Figure 12 shows that all silver substituted scaffolds as well as the controls (non-substituted scaffolds) exhibited green fluorescent viable cells attaching to the scaffolds. No dead cells were apparent. However, the highest number of cells attached to the scaffolds was seen in those constructs with the lowest concentration of silver and in the control scaffolds. In general, the presence of Ag+ ions at low concentrations appeared to have supported cell attachment and maintained cell viability on the scaffolds up to 7 days in vitro. However, scaffolds containing higher concentrations of Ag+ appeared to have reduced cell attachment. This preliminary data illustrates that a low silver ion concentration in Bioglass®-derived glass-ceramic scaffolds has no obvious detrimental effects on cell attachment and viability compared to the control 45S5 Bioglass® scaffolds without silver.

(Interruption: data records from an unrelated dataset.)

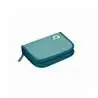 FINKIND Schulranzen BUDDY CLASSIC -  Deep Teal Schüleretui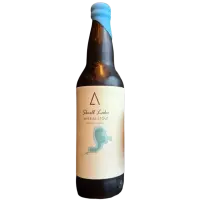 A-Frame Brewing Skull Lake Imperial Stout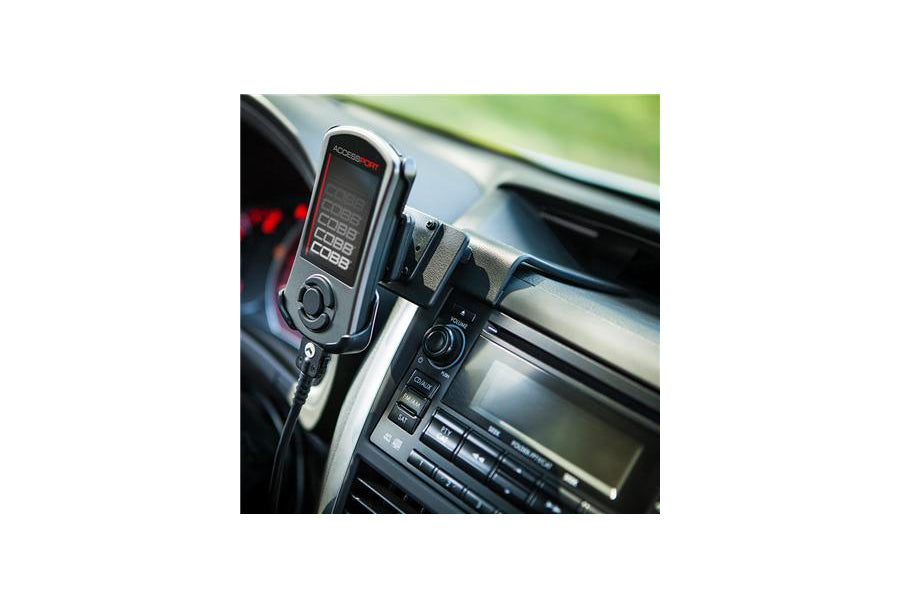 COBB 2008-2014 Subaru [Impreza] WRX/STi Accessport V3 Center Mount (cobbSUB-PC-854082)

These results coincide with the recent report by Xing et al. [31] who used poly-3 hydroxy butyricacid-co-3-hydroxy valeric acid nanofibers loaded with 5–13 nm silver particles and showed that there were no signs of cytotoxicity on NIH3T3 fibroblast cells [31]. However, Balagna et al. [9] showed recently that Ag-bioactive glass scaffolds inhibited MG63 osteoblast cell proliferation and differentiation after 4 days of culture compared to the control bioactive glass scaffold alone. They suggested that silver ion accumulation caused cell death and arrest of cell proliferation. Our results showed that higher concentration of silver incorporated into the scaffolds had reduced numbers of attached cells but no dead cells were observed after 1 week of culture.

4 Conclusions

45S5 Bioglass® based glass-ceramic scaffolds were fabricated by the foam replication technique, which produced scaffolds with a porosity of above 90%. The pore structure obtained fulfils the porosity requirement for bone TE in terms of pore size and interconnectivity, making these scaffolds highly suitable for their intended purpose in bone TE. The characterisation of these basic scaffolds, including bioactivity tests in SBF, showed that they conform to all previous work carried out on them. Thus these results gave confidence to the robustness of the fabrication technique and the reproducibility of the scaffold structure and properties. Silver was introduced into the chemical structure of the 45S5 Bioglass® based scaffolds through a molten salt ion exchange method. The characterisation tests showed that there is a saturation point where no more silver will be exchanged into the scaffold, with this occurring between 15 and 30 min of salt bath immersion. The porosity of the ion exchanged scaffolds was seen to decrease by the process however porosity did not fall below 65%. The ion exchange process led to an increase of the compressive strength of scaffolds, i.e. from 0.53 ± 0.08 MPa for plain 45S5 scaffolds up to (0.62–0.73) ± 0.04 MPa for the ion exchanged samples before SBF immersion. After immersion in SBF the compressive strength of all the samples decreased. SBF immersion tests showed that the addition of silver into the composition of the scaffold has not affected the formation of HA on the scaffold surfaces, thus the scaffolds bioactivity is not impaired by the presence of Ag. The in vitro cell culture study indicated that the lower concentration of added silver ion supported cell attachment and maintained cell viability on 3D scaffolds comparable to the control (un-substituted) 45S5 Bioglass® scaffolds. Further biological studies are necessary to determine other possible cellular effects associated with the addition of silver ions to the scaffolds. Moreover the effect of silver ions on a bacterial cell suspension will be investigated to confirm the antimicrobial effect and to be able to draw a final conclusion on the optimal silver ion concentration to fulfil both purposes; of having the desired antimicrobial effect without jeopardizing bone cell viability, attachment and proliferation.